The founding of the new Center for the Neuroscience of Psychedelics largely came about through the idea of investigating rumination, the intrusive and recurring negative or self-defeating thoughts that are common in multiple mental health conditions, including depression, anxiety, and obsessive compulsive disorder (OCD).

As Rosebaum explained to the Harvard Gazette, over the course of his career he saw that rumination was a significant source of struggle for his patients, but he realized that it was not being given much attention from the field of psychiatry as a whole. A short while after this realization, Rosenbaum went to a conference on psychedelics and attended a presentation on psilocybin’s effect on the brain from Dr Robin Carhart-Harris, head of the Centre for Psychedelic Research at Imperial College London. Carhart-Harris and colleagues had found that psilocybin could cause changes in the “default mode network” of the brain – the same area that is also involved in rumination. From there, Rosenbaum says he was “hooked,” and he began reaching out to experts in psychedelics, including Katya Malievskaia, a co-founder of Compass Pathways.
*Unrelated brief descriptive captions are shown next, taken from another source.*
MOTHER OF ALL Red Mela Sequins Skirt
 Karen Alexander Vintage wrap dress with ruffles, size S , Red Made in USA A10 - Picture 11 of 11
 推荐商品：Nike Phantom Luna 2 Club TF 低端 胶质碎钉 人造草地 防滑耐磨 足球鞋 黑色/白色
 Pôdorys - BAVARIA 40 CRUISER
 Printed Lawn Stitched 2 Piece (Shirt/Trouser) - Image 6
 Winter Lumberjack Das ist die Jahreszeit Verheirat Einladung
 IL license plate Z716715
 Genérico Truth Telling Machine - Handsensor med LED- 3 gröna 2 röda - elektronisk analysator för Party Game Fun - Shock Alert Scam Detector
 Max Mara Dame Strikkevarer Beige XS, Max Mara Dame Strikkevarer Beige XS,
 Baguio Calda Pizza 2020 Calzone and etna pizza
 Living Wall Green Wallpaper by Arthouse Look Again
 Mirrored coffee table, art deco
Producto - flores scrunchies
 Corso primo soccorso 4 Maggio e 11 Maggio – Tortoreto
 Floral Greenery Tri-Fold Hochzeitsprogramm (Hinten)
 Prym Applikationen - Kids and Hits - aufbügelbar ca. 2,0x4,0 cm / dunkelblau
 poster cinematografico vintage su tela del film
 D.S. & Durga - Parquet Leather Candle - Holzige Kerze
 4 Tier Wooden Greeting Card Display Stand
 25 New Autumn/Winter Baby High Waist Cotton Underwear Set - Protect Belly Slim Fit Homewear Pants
“Our focus on rumination struck her as innovative and appealing, so she agreed to make psilocybin available from the company and later offered some support through a foundation,” Rosenbaum told the Harvard Gazette.

Eventually, this research would grow to become the basis of the approvals from Massachusetts General Hospital to found the new Center for the Neuroscience of Psychedelics.

The CNP’s initial foundational research work will include research into the effects of psilocybin on rumination in patients with treatment-resistant depression. The second initial focus will be on the effects of MDMA-assisted mindful self-compassion on loneliness in patients with treatment-resistant PTSD and will be carried out in partnership with Multidisciplinary Association for Psychedelic Studies (MAPS).

“The psilocybin study is approved and likely will be enrolling later this year,” Rosenbaum told Analytical Cannabis. “The MDMA study requires more funding support, so is still a way off.”

The center also lists a number of other research works that it intends to complete in the future. This includes additional research into psilocybin’s effects in people with treatment-resistant depression, this time looking at cognitive and emotional processing, specifically salience processing and cognitive reappraisal. The center will also look to the investigate psilocybin use for personality trait factors that predispose to mental illness.

While some psychedelic drugs have been given breakthrough therapy designations from the US Food and Drug Administration, the general classification of almost all psychedelics as Schedule 1 controlled substances by the Drug Enforcement Administration has made it difficult for many researchers working in psychedelics to secure funding for their proposed research projects. As a result, much of the funding for the new center will come from philanthropic giving. But as the commercial interest in psychedelic medicines continues to grow, it is clear that there is a need for well-funded scientific research centers that can provide the kinds of research and data needed by lawmakers and healthcare professionals to break down these barriers for effective psychedelic medicine treatments.